# Pink Starrett AA surface plate score.



## sic semper tyrannis (Dec 12, 2011)

Saturday I had gone down to our local machinery salvage place and noticed a 12 x12 Surface plate.  Not knowing much about them I did a bit of research and decide to go back and get it.

http://www.starrett.com/metrology/metrology-products/precision-granite/surface-plates/crystal-pink

Turns out that Starrett Crystal Pink 12x12 AA surface plates are pretty darn nice.  Retail is +$300 with some places selling for $250.00.
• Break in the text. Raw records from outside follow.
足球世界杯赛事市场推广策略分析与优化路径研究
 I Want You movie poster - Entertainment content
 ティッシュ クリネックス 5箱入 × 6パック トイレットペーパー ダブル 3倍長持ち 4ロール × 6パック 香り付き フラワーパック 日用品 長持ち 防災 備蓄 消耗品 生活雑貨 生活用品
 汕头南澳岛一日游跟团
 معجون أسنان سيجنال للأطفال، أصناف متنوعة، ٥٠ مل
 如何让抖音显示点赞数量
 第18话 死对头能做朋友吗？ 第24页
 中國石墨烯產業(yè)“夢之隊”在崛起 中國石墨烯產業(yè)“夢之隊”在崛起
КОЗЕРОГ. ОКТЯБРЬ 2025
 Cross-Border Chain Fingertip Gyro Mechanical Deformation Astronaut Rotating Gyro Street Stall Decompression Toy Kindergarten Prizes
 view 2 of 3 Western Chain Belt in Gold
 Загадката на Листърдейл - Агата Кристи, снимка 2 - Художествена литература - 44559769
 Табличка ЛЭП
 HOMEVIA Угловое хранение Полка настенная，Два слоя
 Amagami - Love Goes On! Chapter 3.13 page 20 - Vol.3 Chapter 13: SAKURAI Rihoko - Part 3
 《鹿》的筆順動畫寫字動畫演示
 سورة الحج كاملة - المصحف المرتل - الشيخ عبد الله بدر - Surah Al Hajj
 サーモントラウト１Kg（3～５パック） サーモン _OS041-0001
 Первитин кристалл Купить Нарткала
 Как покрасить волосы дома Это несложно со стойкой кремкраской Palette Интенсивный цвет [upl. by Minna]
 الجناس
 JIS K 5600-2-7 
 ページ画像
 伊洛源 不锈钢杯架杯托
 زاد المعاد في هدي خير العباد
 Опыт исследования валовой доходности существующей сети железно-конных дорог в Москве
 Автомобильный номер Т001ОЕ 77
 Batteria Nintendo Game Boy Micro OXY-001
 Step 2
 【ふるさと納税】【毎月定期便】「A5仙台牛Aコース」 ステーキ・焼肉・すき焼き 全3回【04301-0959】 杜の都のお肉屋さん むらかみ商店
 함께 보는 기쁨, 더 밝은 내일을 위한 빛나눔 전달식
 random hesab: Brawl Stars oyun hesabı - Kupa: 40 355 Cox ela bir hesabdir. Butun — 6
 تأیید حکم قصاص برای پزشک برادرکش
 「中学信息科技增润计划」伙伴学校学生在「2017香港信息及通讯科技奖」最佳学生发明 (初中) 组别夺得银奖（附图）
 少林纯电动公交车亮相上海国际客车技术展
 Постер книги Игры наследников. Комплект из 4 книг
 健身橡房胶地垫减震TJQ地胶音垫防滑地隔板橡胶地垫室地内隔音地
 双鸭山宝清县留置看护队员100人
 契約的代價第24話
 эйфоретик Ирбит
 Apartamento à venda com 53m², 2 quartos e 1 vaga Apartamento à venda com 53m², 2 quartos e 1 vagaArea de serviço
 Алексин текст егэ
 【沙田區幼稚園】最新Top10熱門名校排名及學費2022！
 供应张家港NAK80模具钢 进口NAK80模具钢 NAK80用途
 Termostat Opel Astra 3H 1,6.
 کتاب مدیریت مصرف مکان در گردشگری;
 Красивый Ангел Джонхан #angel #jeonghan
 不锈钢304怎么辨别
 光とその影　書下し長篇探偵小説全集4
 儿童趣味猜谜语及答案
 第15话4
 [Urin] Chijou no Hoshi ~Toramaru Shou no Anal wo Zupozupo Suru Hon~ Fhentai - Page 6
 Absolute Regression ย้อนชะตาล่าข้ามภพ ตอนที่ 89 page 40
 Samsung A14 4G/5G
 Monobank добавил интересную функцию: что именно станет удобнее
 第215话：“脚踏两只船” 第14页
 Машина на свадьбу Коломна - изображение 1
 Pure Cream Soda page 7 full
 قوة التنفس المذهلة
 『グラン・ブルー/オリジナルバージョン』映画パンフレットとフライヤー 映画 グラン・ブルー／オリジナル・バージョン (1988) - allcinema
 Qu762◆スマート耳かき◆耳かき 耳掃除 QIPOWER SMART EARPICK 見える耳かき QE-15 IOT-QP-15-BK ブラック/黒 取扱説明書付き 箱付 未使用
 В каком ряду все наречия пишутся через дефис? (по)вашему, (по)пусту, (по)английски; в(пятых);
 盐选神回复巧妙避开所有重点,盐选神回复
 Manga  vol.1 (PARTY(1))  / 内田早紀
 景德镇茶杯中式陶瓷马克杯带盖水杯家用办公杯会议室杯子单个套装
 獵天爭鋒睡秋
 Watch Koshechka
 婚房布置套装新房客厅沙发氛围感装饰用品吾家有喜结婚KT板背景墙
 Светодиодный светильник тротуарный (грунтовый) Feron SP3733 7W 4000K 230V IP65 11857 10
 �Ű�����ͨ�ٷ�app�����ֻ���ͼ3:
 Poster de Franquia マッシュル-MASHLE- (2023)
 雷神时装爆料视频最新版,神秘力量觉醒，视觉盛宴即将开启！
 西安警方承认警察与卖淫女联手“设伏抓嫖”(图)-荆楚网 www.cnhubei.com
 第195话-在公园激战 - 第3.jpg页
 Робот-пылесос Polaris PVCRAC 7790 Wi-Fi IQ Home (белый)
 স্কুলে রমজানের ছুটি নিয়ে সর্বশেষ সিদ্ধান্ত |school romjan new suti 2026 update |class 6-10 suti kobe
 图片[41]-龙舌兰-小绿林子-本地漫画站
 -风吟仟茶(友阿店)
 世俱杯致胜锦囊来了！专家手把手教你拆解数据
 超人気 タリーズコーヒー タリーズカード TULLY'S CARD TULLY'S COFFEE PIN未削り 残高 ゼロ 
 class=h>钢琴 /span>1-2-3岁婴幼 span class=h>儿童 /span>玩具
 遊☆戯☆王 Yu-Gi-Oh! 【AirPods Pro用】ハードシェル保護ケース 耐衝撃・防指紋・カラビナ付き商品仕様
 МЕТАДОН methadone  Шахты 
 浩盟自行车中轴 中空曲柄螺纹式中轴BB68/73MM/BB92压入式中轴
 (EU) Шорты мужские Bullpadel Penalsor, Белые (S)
I think I did ok at $70.00.

Now...what can I scrape flat or measure???


----------



## grayone (Dec 12, 2011)

Hi Sic

Sure looks a lot prettier than my lump of black granite and you got yourself a real bargin that's for sure.

Grayone


----------



## Highpower (Dec 13, 2011)

You know what they say. Once you go pink......  :lmao:


----------



## sic semper tyrannis (Dec 13, 2011)

Bill Gruby said:


> You are getting good at spotting a super deal. That plate will last you a lifetime. Be sure to make a cover for it as you will always be setting something on it. They are a magnet for all kinds of stuff.
> 
> "Billy G" :thumbzup::thumbzup::thumbzup:




Came with a nice  home made plywood cover too!!!

I need to find a convenient home for it now.  

Ric


----------



## churchjw (Dec 13, 2011)

Very nice score.  I keep looking for one like that but no luck so far.  Did find a usable substitute about a year ago.  






Was in a junk shop and they had jewelry displayed on it in a case.  It is a glass front silvered mirror about 2 inches thick.  A friend that is into optics said it was probably out of some old military equipment.  It is engraved as tested optically flat.  I made the wood case for it.  Ended up paying $2.00 for it.

Jeff


----------



## sic semper tyrannis (Dec 13, 2011)

WOW that is a HUGE chunk of glass.


----------



## Tony Wells (Dec 13, 2011)

Nice catch. With that size, should the need arise, you can send it off for cal/cert rather than pay someone to come to your shop. Most home shops don't need the actual documentation for their surface plates, but it's nice to know it's really flat, and just how flat it is.


----------